* [EXERCISE]: The listing below should be printed exactly, though its pictures must not be.

* [DATASET SECTION]:

--------------------------------------------------

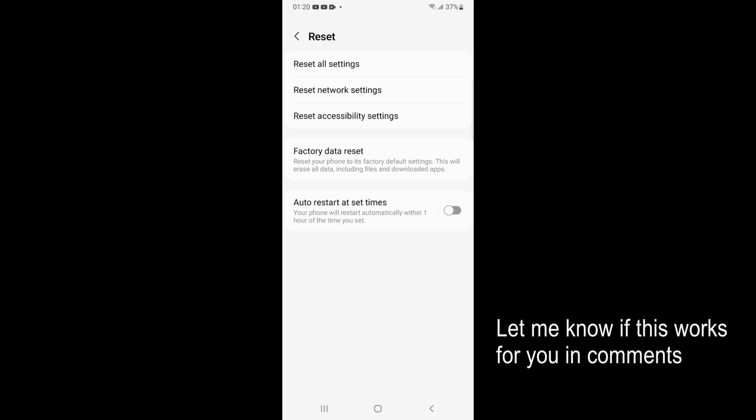Now here you can see factory data reset that says reset your phone to its factory default settings. This will erase all data including files and downloaded apps. Tap on this one.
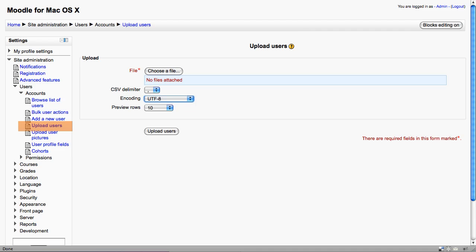Now there's a Preview rows function, which is really important. If you imagine you're about to create a thousand users in one go, you really need to double-check that you've actually set things up right, and that's what the preview rows is there for. So it's a great feature.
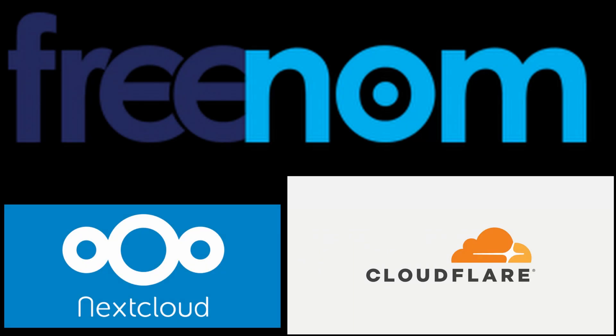Hello everyone, today I'm going to be showing you how to use Nextcloud, a self-hosted storage server. We will be using Freenom to get a free domain name for our server, and we will be using Cloudflare to secure it through HTTPS. Now we can begin.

--------------------------------------------------

* [WRITTEN ANSWER]:
Now here you can see factory data reset that says reset your phone to its factory default settings. This will erase all data including files and downloaded apps. Tap on this one.
Now there's a Preview rows function, which is really important. If you imagine you're about to create a thousand users in one go, you really need to double-check that you've actually set things up right, and that's what the preview rows is there for. So it's a great feature.
Hello everyone, today I'm going to be showing you how to use Nextcloud, a self-hosted storage server. We will be using Freenom to get a free domain name for our server, and we will be using Cloudflare to secure it through HTTPS. Now we can begin.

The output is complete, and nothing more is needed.